After a day of tuning and shaking the car down, it was time to tune the ESC and motor. I bought the PC interface for the ESC which allows me to do deeper programming of the ESC. I can set throttle profiles, braking profiles, boost, response, etc. In the end, I left the throttle profile linear. I also set braking to be a little softer. This interface allows me to store two custom profiles in the ESC. So I programmed one of them to be mildly aggressive with a little motor boost and another to be ultra aggressive with maximum motor boost. Why don’t I just keep it at ultra aggressive? Well, those settings are well beyond the maximum spec of the motor – so I can use it, but it can potentially destroy the motor!
Here is the PC interface that attaches to the ESC on one end and to a PC via USB on the other end:
Some screen shots of the software:
Unfortunately, the software doesn’t work on OSX nor does it seem to work on Windows 7 (even though they claim it to work on Windows 7). So I had to install a Windows XP virtualized on my iMac – the software worked perfectly with Windows XP.
So why did I go with a 21.5T motor when I could have spent the same exact amount of money on a 10.5T or 13.5T motor? Well, I’ve been down that path before and found that being able to achieve straight line top speed was absolutely boring. I hated having ultra quick motors only to flip the car every time I made a high speed turn. Suspension settings were almost pointless once the car was hitting 50+ mph. I wanted to build a car where I could actually feel the differences from making an adjustment of half a degree here or a quarter of a millimeter there. I want to feel like I am in complete control over the grip of the car. I like being able to make these minor adjustments and see the impact on the street. I may get a more powerful motor down the road, but probably not on this chassis.
Now time to play! The best part of any build is it’s first run to get the suspension tuned. Once that is all set up nicely, I look forward to programming the speed controller! I bought a programmable interface for the ESC which allows me to plug it in to a PC. I can’t wait for them to come out with an iPad app – that would be awesome!
…let’s see how long before I build another RC car!
My electronics arrived today! While waiting for all of it to arrive, I finished up the lexan body…
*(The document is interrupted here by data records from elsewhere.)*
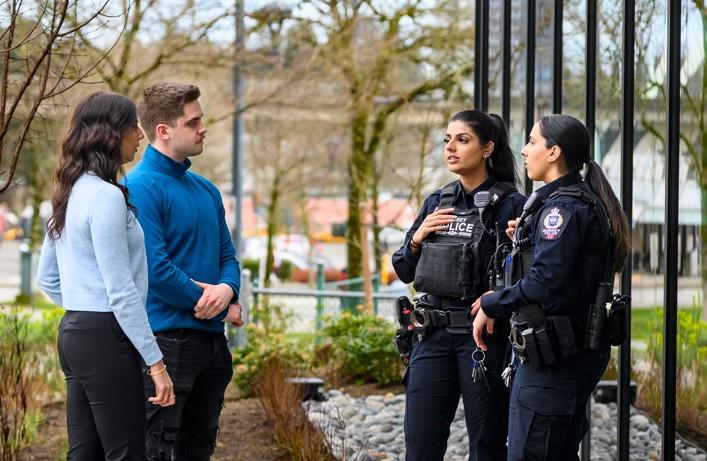 Officers talking with civilians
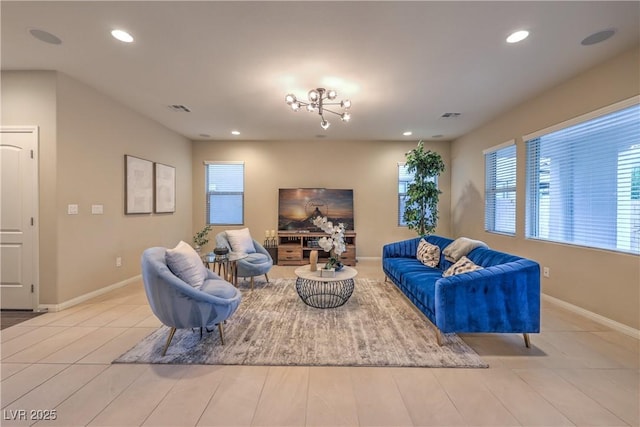 living room with baseboards, visible vents, and recessed lighting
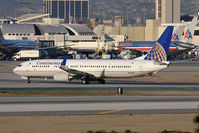 N75426 @ LAX - Continental Airlines N75426 (FLT COA137) holding short of RWY 25R after arrival on RWY 25L from Houston Bush Intercontinental (KIAH). - by Dean Heald
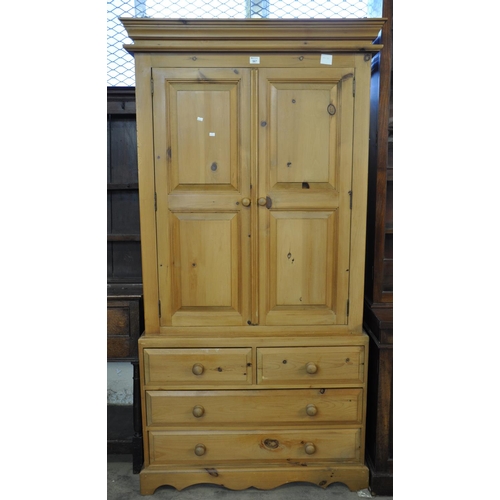 567 - Modern good quality pine two door wardrobe above a base of two short and two long drawers. 
(B.P. 21... 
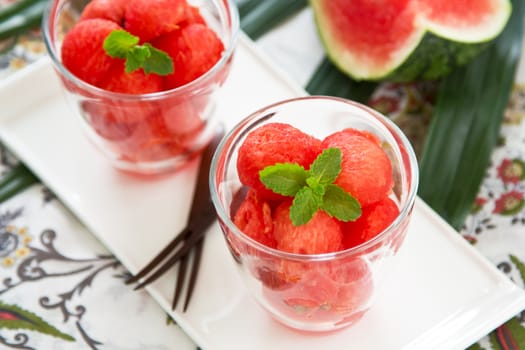 Watermelon scoop in glasses with mint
I used a body reamer to cut out the holes for the body posts.
This body required a two step paint process. I had to mask the windows, then mask everything else except the black areas, spray the black, remove the mask, and then spray the violet.
Once the paint was complete, I had to remove the protective outer film and start applying the decals.
The kit came with LED light buckets. You can build them out or use a decal. Building them out truly adds realism, so I decided to use them but without working LEDs in them. I filled the headlights with dummy LEDs to complete the look.
The rear wing and exhaust.
Here is the completed body along side the power plant I picked out for it!
I like how you can see the inboard front suspension through the windows.
I have been working in a workspace with crappy lighting, so I apologize for the poor quality of my progress pictures. Overall, the body took about 10 hours to complete. Working on the lexan body is my favorite part of any build! I am obsessed with making the car look the best it possibly can! I will work on the electronics between now and the weekend. Don’t worry, I will cut down those body posts as soon as I’m ready to run it!